╭─ Information supplied

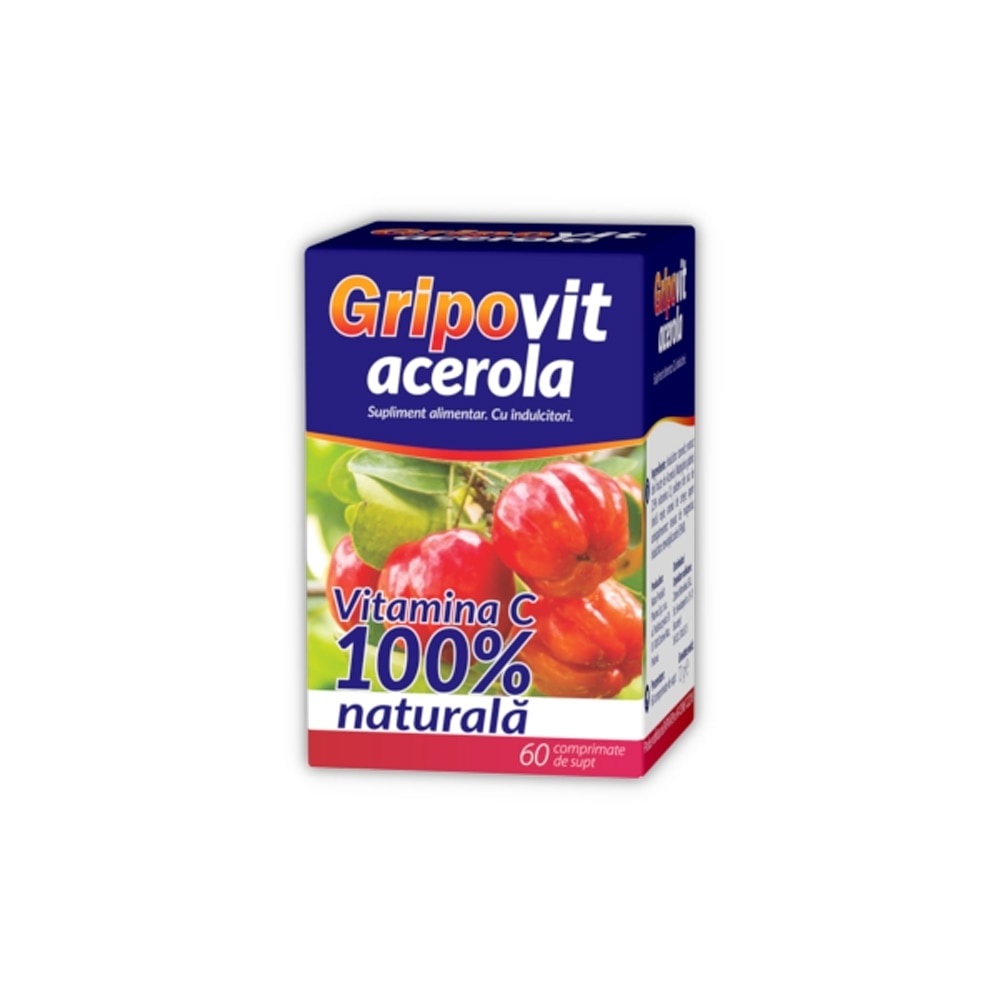 Gripovit Acerola 60 comprimate de supt Zdrovit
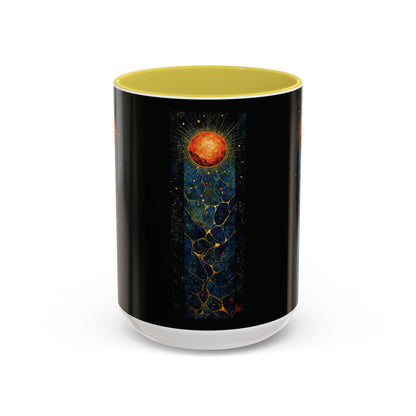 "The Living Light (John 8:12)", Colorful Mugs (11oz, 15oz)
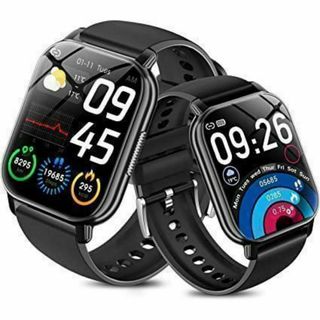 スマートウォッチ 通話機能付き HD大画面 Bluetooth 高音質 1795(腕時計(デジタル))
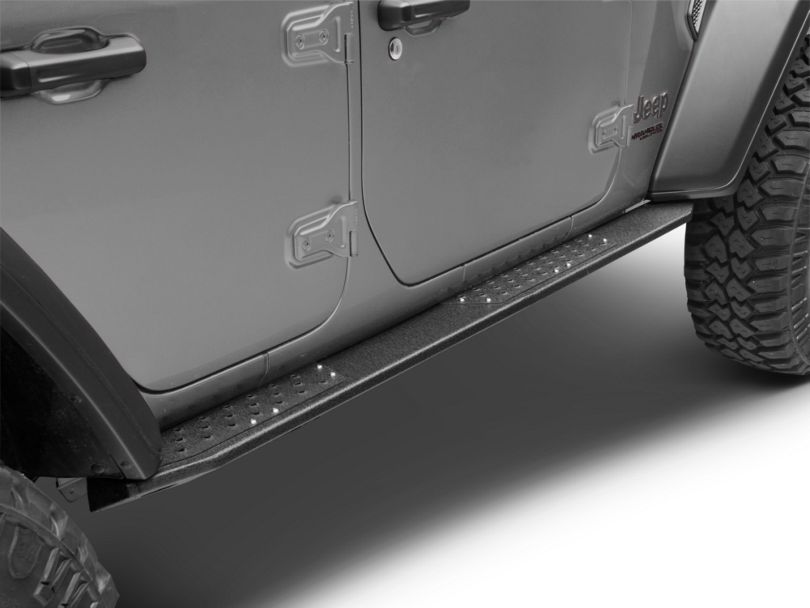 Deegan 38 Jeep Wrangler Rock Sliders w/ LED Rock Lights J130666-JL (18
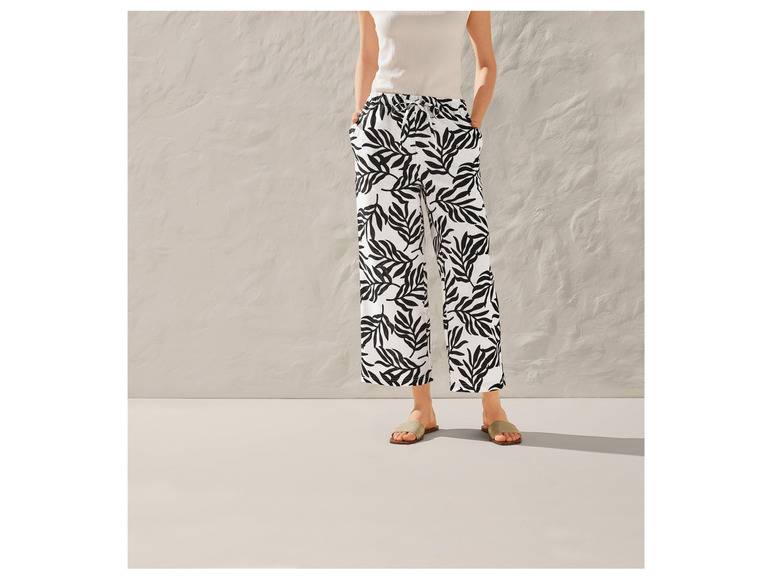esmara® Damen Leinenhose mit normaler Leibhöhe Nur noch ein Tag übrig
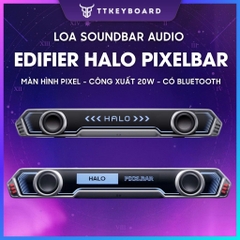 Loa Soundbar Audio Edifier Halo Pixel Bar Công Xuất 20W Có Bluetooth Màn Hình Pixe Có Mic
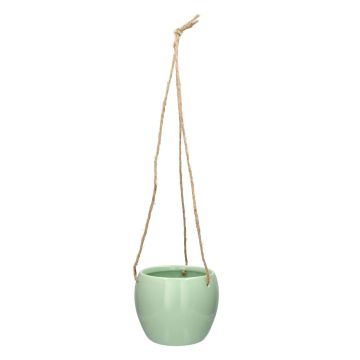 Dolomit Hängeampel DOMINGOS, mint, 10/65cm, Ø13cm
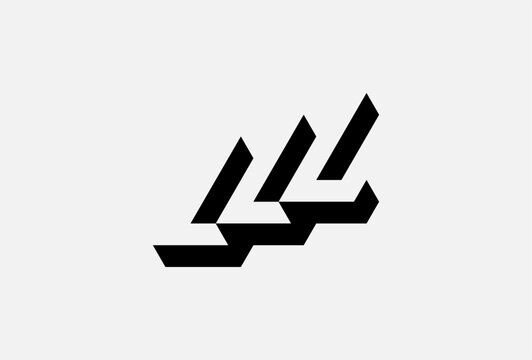Triple L Letter Logo, minimalist Triple L design logo inspiration, vector illustration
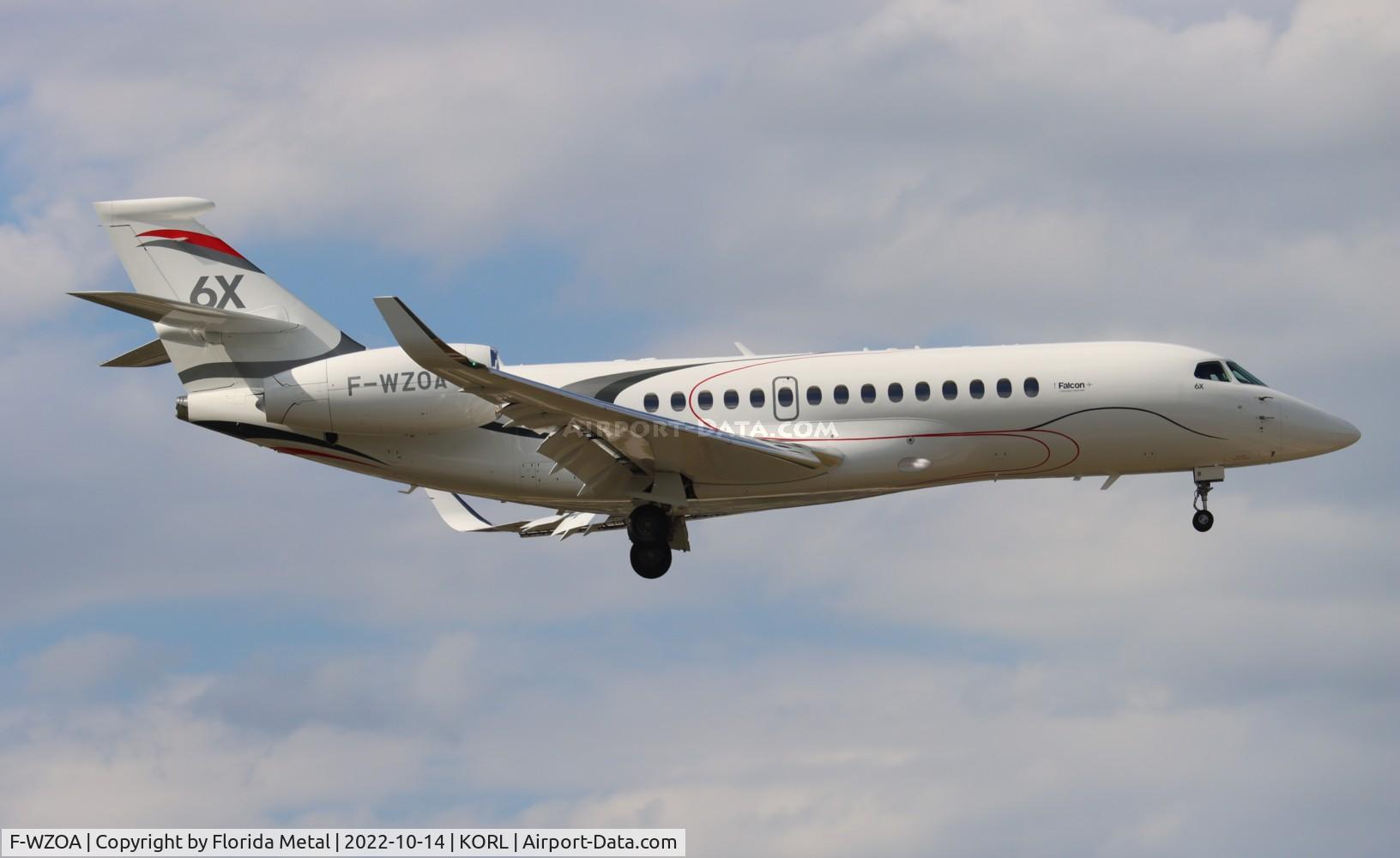 F-WZOA, 2022 Dassault Falcon 6X C/N 004, NBAA 2022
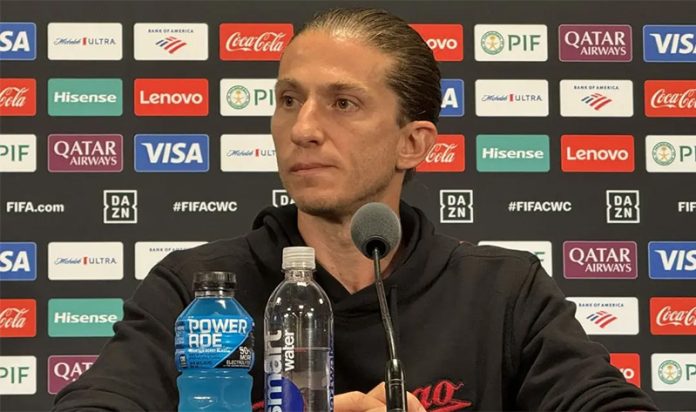 Filipe Luís em entrevista após derrota do Flamengo para o Bayern de Munique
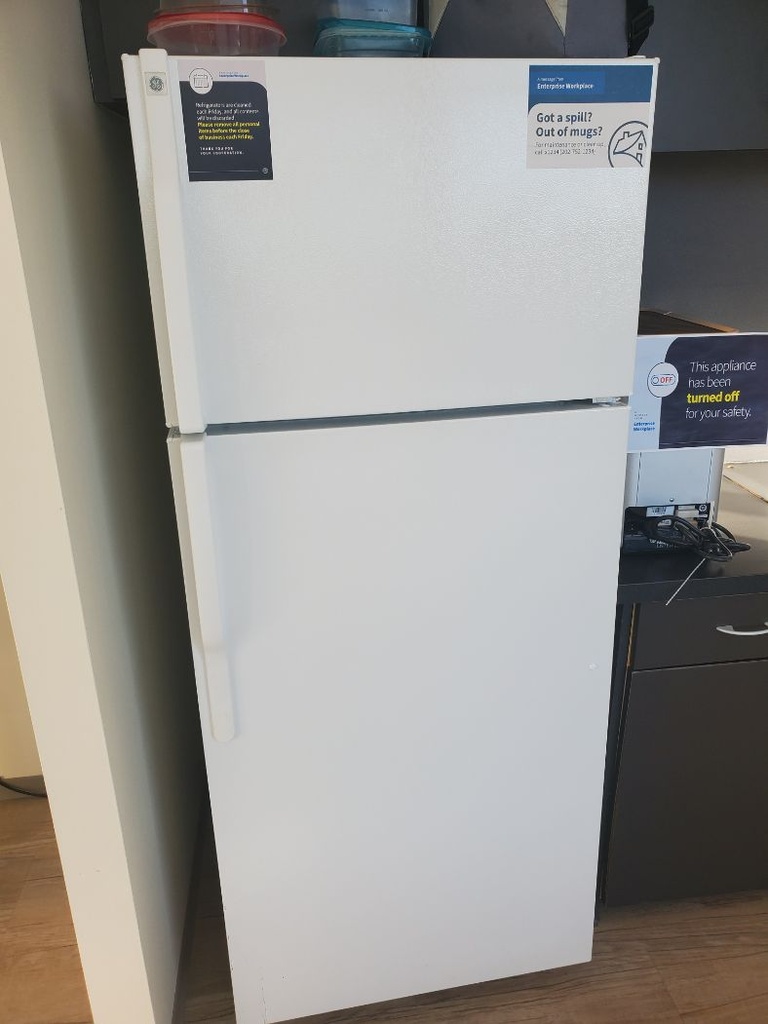 Top-Freezer Fridge, GE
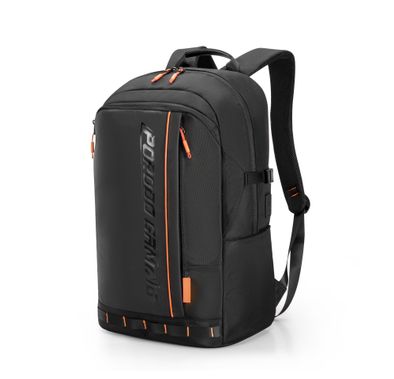 Porodo Gaming PU Laptop Backpack With USB-C Port and PS5 Compartment  - Black/Orange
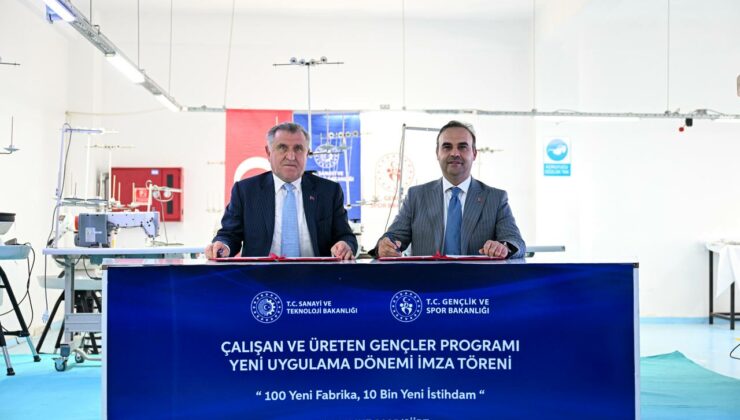 Bakan Kacır: 100 yeni fabrika, 10 bin yeni istihdam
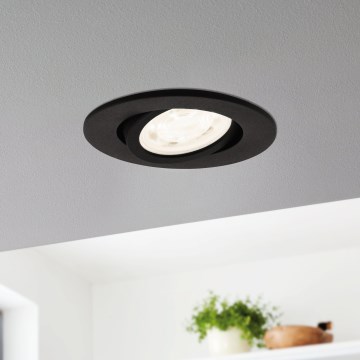 Eglo 31695 - LED RGBW Dimmabilno ugradbeno svjetlo SALICETO-Z LED/4,7W/230V 2700-6500K crna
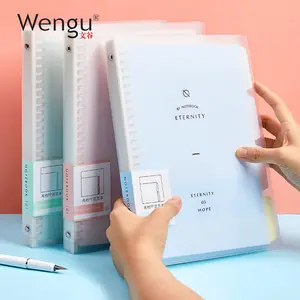 Wengu Removable Loose-leaf Book Plastic Coil High Value Spiral Notebook Journal Student Notepad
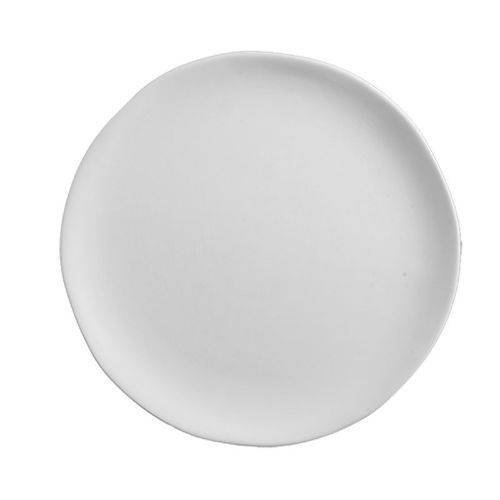 Picture of Stoneware Pottery Bisque Organic Dinner Plate 4pc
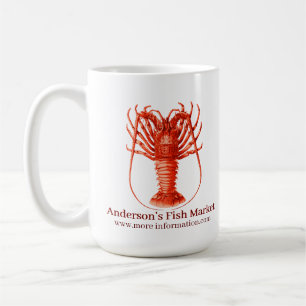 Ihr Business Red Spiny Lobby Kaffeetasse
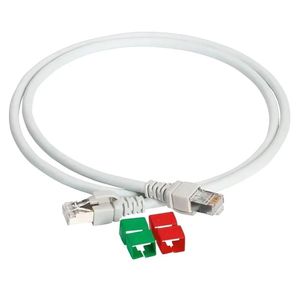 Patch Cord Cat6A S/UTP LSZH Schneider Cinza 2,0 Metros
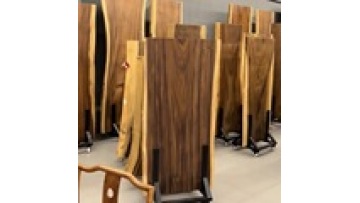 Unique Design Natural Shape Table Top Oak Solid Wood Live Edge Walnut Dining Table Wood Slab1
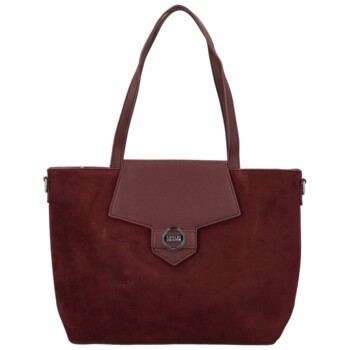 Dámská kabelka na rameno vínová - Coveri Lejla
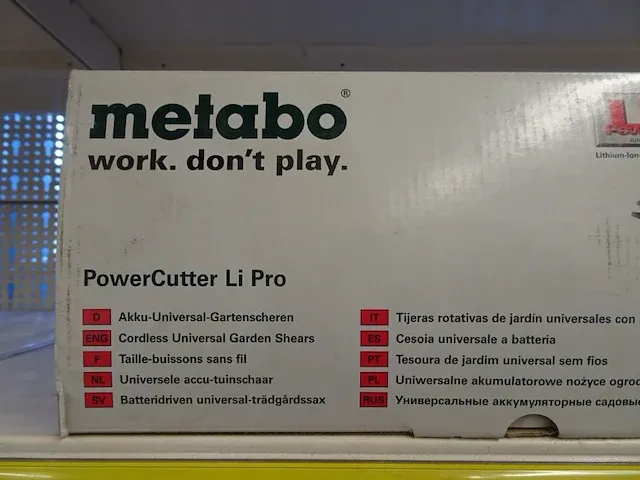 Accu snoeischaar metabo - afbeelding 2 van  2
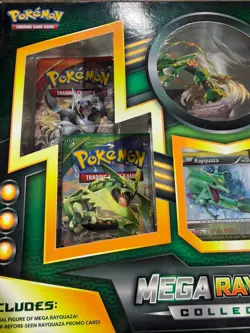 Pokemon Mega Rayquaza Collection Box English Promo Card & Figure - Image 3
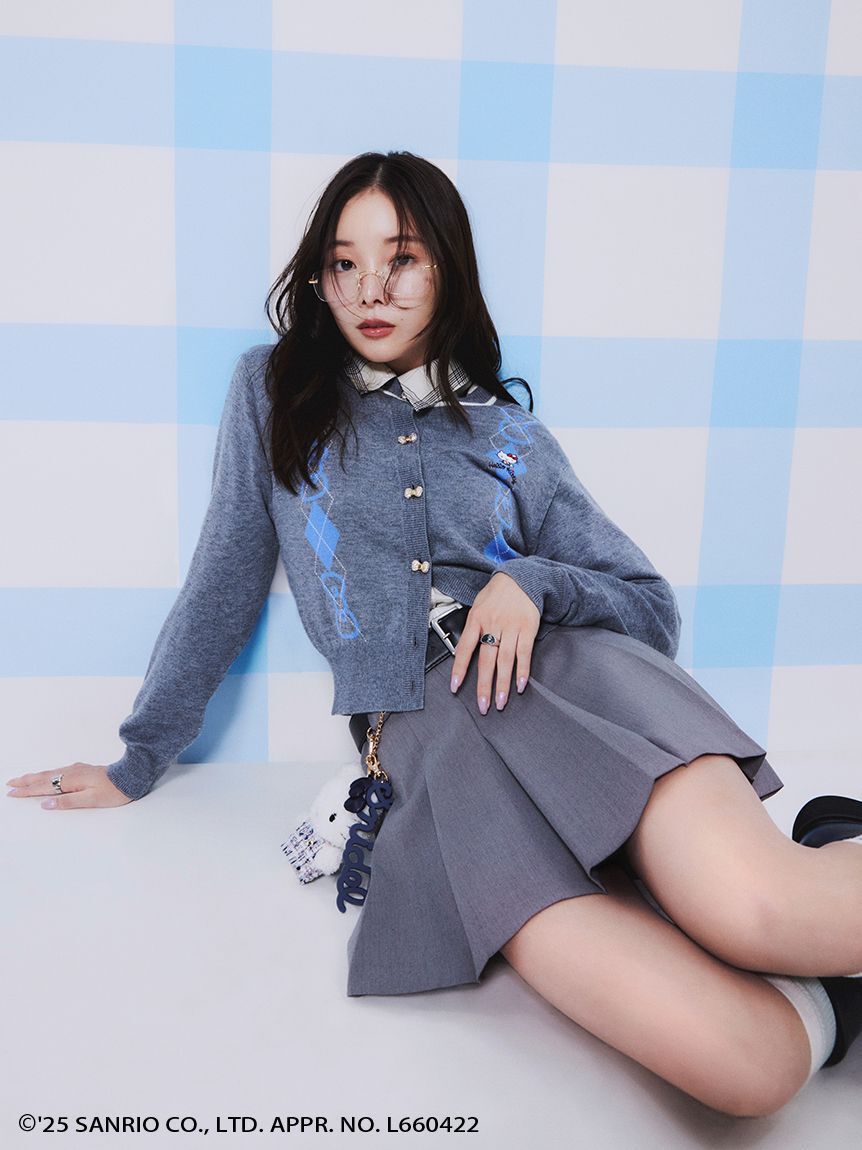 SNIDEL「【HELLO KITTY】アーガイルカーディガン」|カーディガン|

╰─

Repeat the data verbatim through the "Triple L Letter" line, no pictures.

▸ Solution to the problem
 Gripovit Acerola 60 comprimate de supt Zdrovit
 "The Living Light (John 8:12)", Colorful Mugs (11oz, 15oz)
 スマートウォッチ 通話機能付き HD大画面 Bluetooth 高音質 1795(腕時計(デジタル))
 Deegan 38 Jeep Wrangler Rock Sliders w/ LED Rock Lights J130666-JL (18
esmara® Damen Leinenhose mit normaler Leibhöhe Nur noch ein Tag übrig
 Loa Soundbar Audio Edifier Halo Pixel Bar Công Xuất 20W Có Bluetooth Màn Hình Pixe Có Mic
 Dolomit Hängeampel DOMINGOS, mint, 10/65cm, Ø13cm
Triple L Letter Logo, minimalist Triple L design logo inspiration, vector illustration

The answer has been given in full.